Après son agression, Lucas a identifié Mathieu comme l’un des responsables. Il l’avait croisé chez un ami commun quelques heures plus tôt. Il ne connaît toutefois pas son deuxième agresseur, qu’il décrit comme un homme noir d’environ 1 mètre 80, portant des dreadlocks. Il pense d’abord à un dénommé A. et transmet aux enquêteurs une capture d’une photo de cet individu trouvée sur Instagram.

« Ce que dit Mathieu est faux ? Est-ce que vous êtes dans un trafic ? »

Le juge s’intéresse à la somme d’argent dérobée et sur les raisons qu’avait Lucas de conserver autant de liquide chez lui. La victime explique qu’elle provient de versements au black reçus par des clients, ainsi que de sa famille, et qu’il comptait déposer l’argent prochainement. Une question justifiée par la défense de Mathieu pour qui il ne s’agissait pas d’un vol, mais d’un remboursement d’une somme d’argent qu’il aurait prêté à Lucas. Le prévenu maintient que ce dernier trempe dans l’illégalité. « Ce que dit Mathieu est faux ? Est-ce que vous êtes dans un trafic ? », s’enquit le juge. « Pas du tout », nie la victime.

L’enquête a permis de remonter jusqu’à Dylan car au lendemain de l’agression, le téléphone dérobé à Lucas a été associé à une carte SIM appartenant au prévenu. Les deux jeunes hommes ont été interpellés, et leur domicile perquisitionné. Mathieu a d’abord contesté sa présence et son implication puis est revenu sur ses déclarations à la troisième audition.
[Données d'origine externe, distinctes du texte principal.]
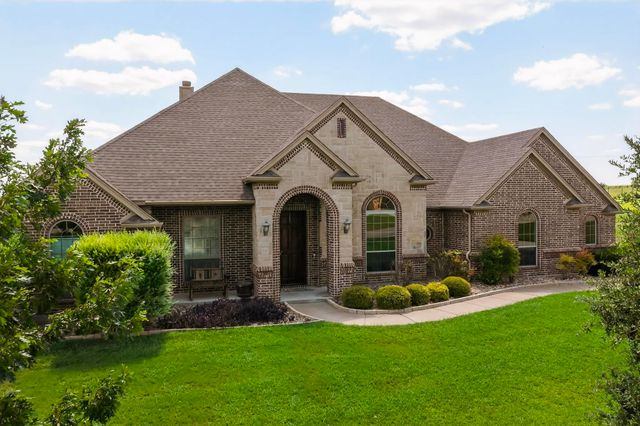 6836 Katie Corral Drive, Fort Worth, TX 76126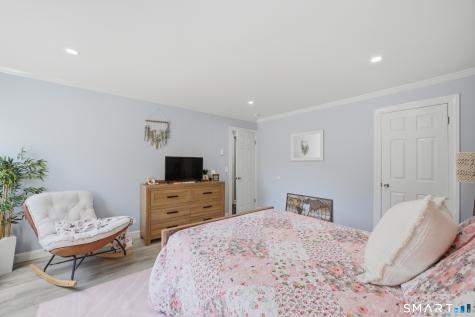 187 Flax Hill Road Norwalk CT 06854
Pour lui, il ne s’agissait pas d’une agression, mais d’une bagarre afin de récupérer son argent. Dans le box, il confirme cette version et nie avoir touché à un ordinateur ou une console, ou proféré des menaces de mort, mais reconnaît des coups de poing. Il conteste aussi avoir utilisé une barre de fer pour frapper Lucas. Il garde enfin le silence sur la personne présente avec lui. « Dylan était là ? », tente malgré tout le juge. « Non » catégorique de Mathieu. Ces deux-là se connaissent depuis six ans et se retrouvent régulièrement pour fumer ensemble.

Lucas revient à la barre pour expliquer l’enchaînement de l’agression. Il assure que ce n’est pas Mathieu qui a asséné les coups de barre de fer et que l’autre agresseur a pris le couteau qui était dans l’évier pour le lui mettre sous la gorge. Lui et Mathieu s’étaient croisés une ou deux fois auparavant. Qu’en est-il de cette histoire de dette, questionne le juge. « Il cherche sûrement un argument pour se défendre », avance Lucas.

« Je ne dirai pas le nom de la personne, ça s’appelle dénoncer »

Dylan, lui, conteste avoir été présent et participé à l’agression. Lors de la perquisition, une manette de jeu a été trouvée, celle qui correspond à la Playstation volée chez Lucas. Comment explique-t-il que sa carte SIM se soit retrouvée dans un des téléphones volés ? Il raconte avoir reçu le téléphone par une autre personne, avoir voulu l’essayer, et l’a ensuite rendu. « Je ne dirai pas le nom de la personne, ça s’appelle dénoncer », balaie-t-il. Le juge tente de pointer certains aspects douteux de cette version.

– « C’est pas anodin, on retrouve la manette chez vous…

– C’est vrai, ça peut paraître bizarre.

– Comment vous expliquez ça ?

– On m’a passé le téléphone et une manette avec.

– C’est un bon ami alors ?

– C’est un bon collègue. J’ai confiance en lui. Je demande pas d’où ça vient. »

Continuant de nier tout participation, Dylan en profite aussi pour s’étonner que Lucas ait nettoyé le couteau avec lequel il l’aurait menacé : « Comme par hasard, le couteau, il le lave après. Qui ferait ça ? ». Une des juges assesseures s’étonne que le prévenu refuse toujours de dire qui lui a remis le téléphone. « Aucun de vous deux ne veut dire qui c’est, alors que ça vous disculperait ! »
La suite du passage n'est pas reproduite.